The Walter Darby Bannard Archive

Structures - Thirteen New Jersey Artists (1984)

Catalog statement: Montclair Art Museum, Montclair, New Jersey, January 22 - March 25, 1984, p. 5.

Writing about painting interests me, but I don't feel at ease writing about my own. I think I'm too close to it to see it clearly.

To make these paintings I staple canvas down on a raised horizontal platform and roll on a layer of color. When it dries I mix about two ounces of acrylic pigment in a gallon or two of gel, which is like clear-drying plastic mayonnaise, and push it around the canvas with a squeegee-like device made from a length of 1/2" x 3" pine fixed across the end of a mop handle lashed to a telescoping painter's pole. The process is like traditional knife and brushwork taken up to a very large scale.
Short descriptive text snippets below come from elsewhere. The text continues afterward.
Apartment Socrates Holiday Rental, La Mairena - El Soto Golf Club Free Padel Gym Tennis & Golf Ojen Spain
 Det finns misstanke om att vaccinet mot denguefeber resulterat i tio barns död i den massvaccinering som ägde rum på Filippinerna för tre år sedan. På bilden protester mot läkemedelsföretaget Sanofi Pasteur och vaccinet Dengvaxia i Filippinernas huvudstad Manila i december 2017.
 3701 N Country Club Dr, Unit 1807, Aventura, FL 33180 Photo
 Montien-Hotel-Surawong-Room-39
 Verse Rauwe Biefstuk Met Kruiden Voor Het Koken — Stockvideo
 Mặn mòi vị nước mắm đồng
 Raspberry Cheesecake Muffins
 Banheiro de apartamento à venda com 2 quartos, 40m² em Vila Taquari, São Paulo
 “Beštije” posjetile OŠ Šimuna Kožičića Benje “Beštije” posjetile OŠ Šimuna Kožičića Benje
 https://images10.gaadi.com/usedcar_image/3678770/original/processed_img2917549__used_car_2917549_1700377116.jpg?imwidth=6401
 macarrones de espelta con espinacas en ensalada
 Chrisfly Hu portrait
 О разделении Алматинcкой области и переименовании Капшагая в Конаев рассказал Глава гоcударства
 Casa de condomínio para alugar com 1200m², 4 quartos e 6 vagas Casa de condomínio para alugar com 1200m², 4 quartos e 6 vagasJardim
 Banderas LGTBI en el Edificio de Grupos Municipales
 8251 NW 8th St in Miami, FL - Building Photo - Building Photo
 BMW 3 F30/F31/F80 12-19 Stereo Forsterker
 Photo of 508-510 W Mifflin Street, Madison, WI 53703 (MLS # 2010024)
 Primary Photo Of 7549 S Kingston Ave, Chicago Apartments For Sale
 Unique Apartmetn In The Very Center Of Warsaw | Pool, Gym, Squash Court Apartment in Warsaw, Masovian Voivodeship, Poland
I usually work the colored gel into a stack of loosely scalloped arcs, building the image up and scraping it down, plying it until it looks right. I have no express reason for painting this way. The method evolved from earlier methods a few years ago. It seems to be a good way to organize a picture. The pattern of wavy colored ribbons swelling up against the edges looks energetic, and the varying transparency of the thick-and-thin colored gel shows off the play of the stroke. I think it's the "touch" that makes the difference. As a friend says, "All you have to do is keep the surface alive."